The towers are set to close early next month, victims of federal sequestration.
In a news release, the agency said it "intends to fund continued service of air traffic controllers when federal funding goes away as a result of sequestration, or budget cuts."
The funding is pending approval by the Texas Transportation Commission, which plans to hold an emergency session next week to act on the funding.
"Safety is the primary reason we felt a need to take immediate action for the air travelers and business aircraft that use these airports," said Commissioner Fred Underwood, of the Texas Transportation Commission. "I am proud of our leaders for taking this extraordinary measure to ensure that those relying on these municipal airports will be able to depart and arrive safely and efficiently."
Stinson Municipal Airport in San Antonio was informed earlier this month they would lose federal funding for its FAA air traffic controllers and the Stinson tower would close starting April 7.

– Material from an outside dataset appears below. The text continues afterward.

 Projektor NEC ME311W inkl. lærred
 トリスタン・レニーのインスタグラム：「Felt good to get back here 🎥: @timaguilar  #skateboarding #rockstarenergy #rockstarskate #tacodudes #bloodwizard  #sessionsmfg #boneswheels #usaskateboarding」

Instead of a controller, pilots would rely on something called UNICOM, a universal communication system that requires pilots to let each other know where they are in the air and when they are taking off and landing.
"Pilots are familiar with it. They know the system," said airport spokesman Rich Johnson. "It's something that's used at hundreds of airports around the country and used at our airport at Stinson after 10 p.m."
Johnson said the UNICOM system is safe, but it's always better to have a second set of eyes on the skies. He's hoping TxDOT can come to the rescue and keep the Stinson tower open.
"We're kind of cautiously optimistic about what's going on," Johnson said. "It's something that we would look forward to, something that we would obviously welcome. It's always nice to have the extra layer of communication."
Local pilots and flight school operators were also optimistic about the new funding source.
"If they found the money and we can see some of that and keep the tower going, that's absolutely superb," said Brian Wells, assistant chief instructor at Sky Safety flight school. "I really don't want to see the tower close. It would really impact major aviation safety."
Wells has been worried about safety at the airport since it was announced the tower would likely close due to the automatic budget cuts.
He said Stinson is very busy with traffic from corporate jets, flight schools and the military and because it's so close to the runways at Lackland and Kelly, it can be a confusing place to fly into.
"People who are coming in here cross-country from elsewhere sometimes have to be told, 'Are you sure you’re looking at the right airport?' because they'll line themselves up for Kelly," Wells said. "If this facility is uncontrolled, that could be a problem."
Another concern Wells has is the impact the tower closure would have on pilots in training.
Private pilots are required to log at least three take-offs and landings at airports with a manned tower. If Stinson and the other regional towers were closed, that would force the student pilots to meet their requirements at busier airports like San Antonio International or Austin-Bergstrom International Airport.
"It wouldn't be a danger or anything like that but it would be a little disconcerting to be mixing student traffic in with airliners going into San Antonio or Bergstrom or someplace like that," Wells said.
If TxDOT approves the funding for the towers, it would keep the towers open at Stinson, San Marcos Municipal and New Braunfels Municipal airports.
"Flying is an integral part of commerce in Texas," said Phil Wilson, TxDOT executive director. "Local communities are counting on these airports to remain open for continued economic success."